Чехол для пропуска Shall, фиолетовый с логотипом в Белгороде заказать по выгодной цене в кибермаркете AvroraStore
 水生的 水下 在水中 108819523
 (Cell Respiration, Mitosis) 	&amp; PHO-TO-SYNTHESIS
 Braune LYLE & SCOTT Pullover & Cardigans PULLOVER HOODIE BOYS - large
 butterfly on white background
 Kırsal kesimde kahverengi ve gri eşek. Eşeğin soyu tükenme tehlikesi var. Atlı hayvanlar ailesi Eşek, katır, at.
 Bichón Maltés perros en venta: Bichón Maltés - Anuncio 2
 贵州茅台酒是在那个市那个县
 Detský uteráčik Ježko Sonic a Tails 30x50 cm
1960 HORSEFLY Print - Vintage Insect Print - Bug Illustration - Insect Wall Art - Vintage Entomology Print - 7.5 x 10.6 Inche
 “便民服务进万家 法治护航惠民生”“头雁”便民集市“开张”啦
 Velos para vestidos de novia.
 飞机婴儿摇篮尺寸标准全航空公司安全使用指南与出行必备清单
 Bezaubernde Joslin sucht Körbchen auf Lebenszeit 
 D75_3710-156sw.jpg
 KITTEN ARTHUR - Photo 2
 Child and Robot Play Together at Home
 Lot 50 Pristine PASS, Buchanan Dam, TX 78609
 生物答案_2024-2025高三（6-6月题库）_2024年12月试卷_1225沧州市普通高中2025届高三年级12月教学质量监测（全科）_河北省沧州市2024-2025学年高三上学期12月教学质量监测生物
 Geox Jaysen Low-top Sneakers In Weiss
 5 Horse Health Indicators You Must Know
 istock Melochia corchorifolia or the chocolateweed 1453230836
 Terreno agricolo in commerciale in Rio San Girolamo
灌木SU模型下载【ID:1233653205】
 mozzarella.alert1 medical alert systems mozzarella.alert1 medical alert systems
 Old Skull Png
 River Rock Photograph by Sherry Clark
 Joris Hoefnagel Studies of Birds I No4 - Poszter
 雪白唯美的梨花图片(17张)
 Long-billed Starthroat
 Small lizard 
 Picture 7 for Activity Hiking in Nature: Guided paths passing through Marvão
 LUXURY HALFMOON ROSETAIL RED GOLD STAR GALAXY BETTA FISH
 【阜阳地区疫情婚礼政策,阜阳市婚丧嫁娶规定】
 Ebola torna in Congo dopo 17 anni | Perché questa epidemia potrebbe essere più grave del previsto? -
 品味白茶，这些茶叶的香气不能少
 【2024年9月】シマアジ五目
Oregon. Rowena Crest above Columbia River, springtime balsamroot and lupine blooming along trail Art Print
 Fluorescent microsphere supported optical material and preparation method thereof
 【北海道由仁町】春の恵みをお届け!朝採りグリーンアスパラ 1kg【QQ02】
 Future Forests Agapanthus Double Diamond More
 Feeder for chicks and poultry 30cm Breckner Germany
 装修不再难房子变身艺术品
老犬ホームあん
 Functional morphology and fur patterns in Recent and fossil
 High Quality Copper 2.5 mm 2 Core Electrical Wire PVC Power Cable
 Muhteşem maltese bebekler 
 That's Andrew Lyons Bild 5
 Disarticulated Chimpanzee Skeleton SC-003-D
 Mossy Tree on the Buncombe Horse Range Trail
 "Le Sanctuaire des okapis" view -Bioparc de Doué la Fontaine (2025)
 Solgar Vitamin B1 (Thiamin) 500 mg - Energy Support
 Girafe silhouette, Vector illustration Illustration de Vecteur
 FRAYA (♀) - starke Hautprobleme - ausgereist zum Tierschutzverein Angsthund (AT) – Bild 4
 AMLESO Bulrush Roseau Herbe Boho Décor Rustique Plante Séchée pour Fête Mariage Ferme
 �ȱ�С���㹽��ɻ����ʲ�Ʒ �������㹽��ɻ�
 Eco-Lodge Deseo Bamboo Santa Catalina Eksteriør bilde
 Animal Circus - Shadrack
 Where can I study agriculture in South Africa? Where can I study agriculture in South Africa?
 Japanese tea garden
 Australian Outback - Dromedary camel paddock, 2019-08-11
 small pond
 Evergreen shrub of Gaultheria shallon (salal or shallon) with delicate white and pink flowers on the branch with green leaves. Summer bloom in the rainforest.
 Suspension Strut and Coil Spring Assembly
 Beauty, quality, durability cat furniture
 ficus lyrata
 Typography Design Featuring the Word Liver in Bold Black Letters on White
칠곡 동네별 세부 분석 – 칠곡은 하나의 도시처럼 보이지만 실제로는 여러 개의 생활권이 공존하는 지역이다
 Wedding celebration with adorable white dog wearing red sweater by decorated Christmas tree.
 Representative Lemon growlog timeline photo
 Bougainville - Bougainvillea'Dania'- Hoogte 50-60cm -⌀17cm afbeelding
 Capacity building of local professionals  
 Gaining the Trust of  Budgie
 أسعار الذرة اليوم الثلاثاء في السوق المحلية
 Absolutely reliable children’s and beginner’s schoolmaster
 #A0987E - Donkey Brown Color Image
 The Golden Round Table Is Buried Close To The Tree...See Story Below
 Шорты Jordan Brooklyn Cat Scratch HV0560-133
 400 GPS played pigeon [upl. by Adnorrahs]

━━━━━━━━━━━━━━━━━━━━

- **Task directions**
Return each line of the material in which the string "Illustration" can be found.

- **Your response**
1960 HORSEFLY Print - Vintage Insect Print - Bug Illustration - Insect Wall Art - Vintage Entomology Print - 7.5 x 10.6 Inche
 Girafe silhouette, Vector illustration Illustration de Vecteur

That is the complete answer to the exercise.